Sir Perceval of the Round Table marries Arthur’s sister Acheflour, but is killed in a tournament by the Red Knight. Rejecting knightly culture, Acheflour retreats into the forest with their young son, also called Perceval, taking only some goats and a small spear. After fifteen years she explains Christianity to Perceval and, excited by her stories, he searches for God in the forest. He meets Ywain, Gawain and Kay and, seeing their rich clothes, asks which one is God. When Gawain informs him that they are Arthur’s knights, Perceval resolves to be knighted too. He mounts a wild mare, and although his mother is upset, she advises him on courtesy and gives him a ring.

On his way to Arthur’s court, Perceval enters a hall and finds a lady sleeping; he kisses her and exchanges her ring for Acheflour’s. When he arrives, Arthur recognises his uncouth nephew and agrees to knight him, but as they dine the Red Knight bursts into the hall and steals Arthur’s goblet. Perceval promises to retrieve the cup: riding out of the court before Arthur can give him armour, he pursues the Knight and kills him with his spear. The youth takes his horse but, confused by his armour, attempts to burn it off the body. Gawain arrives and helps him put it on, but Perceval decides to seek more adventures. He kills the Red Knight’s mother, a witch, then encounters an old knight and his sons, who are delighted to hear that he has slain their enemy.

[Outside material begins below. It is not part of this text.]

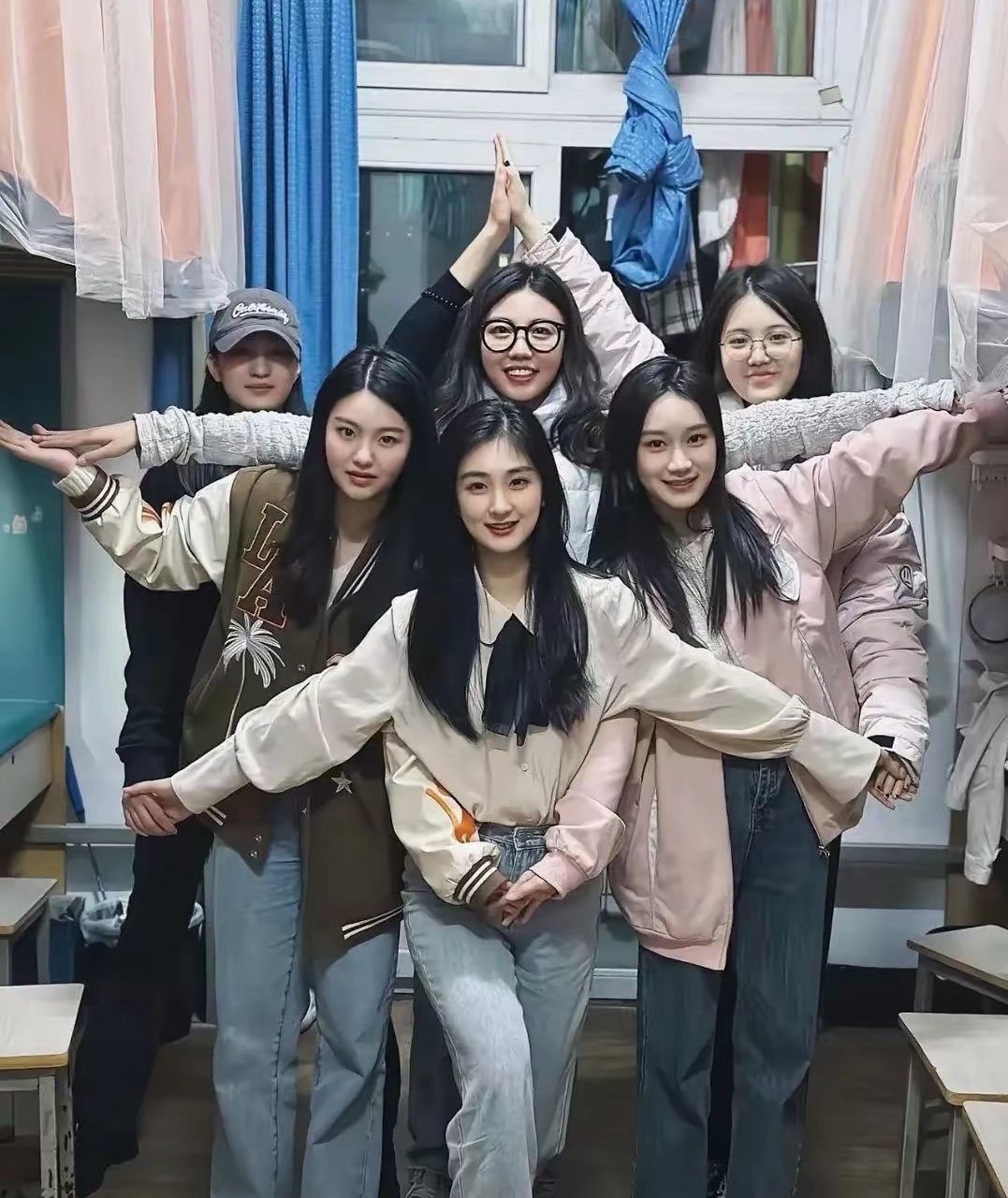 大家有没有发现 女大学生青春气息满满 我一朋友在山东大学 她们宿舍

A messenger on his way to Arthur’s court informs Perceval that Lady Lufamour of Maydenland is being besieged by a Sultan. He immediately sets off, and Arthur, delighted to learn that Perceval is alive, follows him with three knights. Perceval arrives in Maydenland and defeats the Saracens overnight. He is welcomed by Lufamour, who promises to marry him if he kills the Sultan. The following day he defeats the Saracen reinforcements then rides against Arthur, mistaking him for the Sultan. He jousts with Gawain but they recognise one another and are joyfully reunited. The Sultan arrives, demanding to fight a champion: Arthur knights Perceval who soon beheads his enemy. He and Lufamour are married, while Arthur returns to court.

After a year, Perceval sets out to find his mother. On his way he meets the woman with whom he exchanged rings: her lover, the Black Knight who gave her the ring (a protective charm), has accused her of infidelity. Perceval fights the knight, but spares him when he promises to forgive his lady. Perceval offers to re-exchange rings, but the knight has given Acheflour’s ring to the Sultan’s brother, a ferocious giant. Perceval beheads the giant and retrieves the ring, but learns from a porter that his mother saw the ring and, believing her son to be dead, went mad and fled into the woods. Perceval replaces his armour with goat skins and sets off on foot. He finds Acheflour by a well and carries her back to the castle, where she is cured. They return to Maydenland together and Perceval joins the crusades where he is slain after many victories.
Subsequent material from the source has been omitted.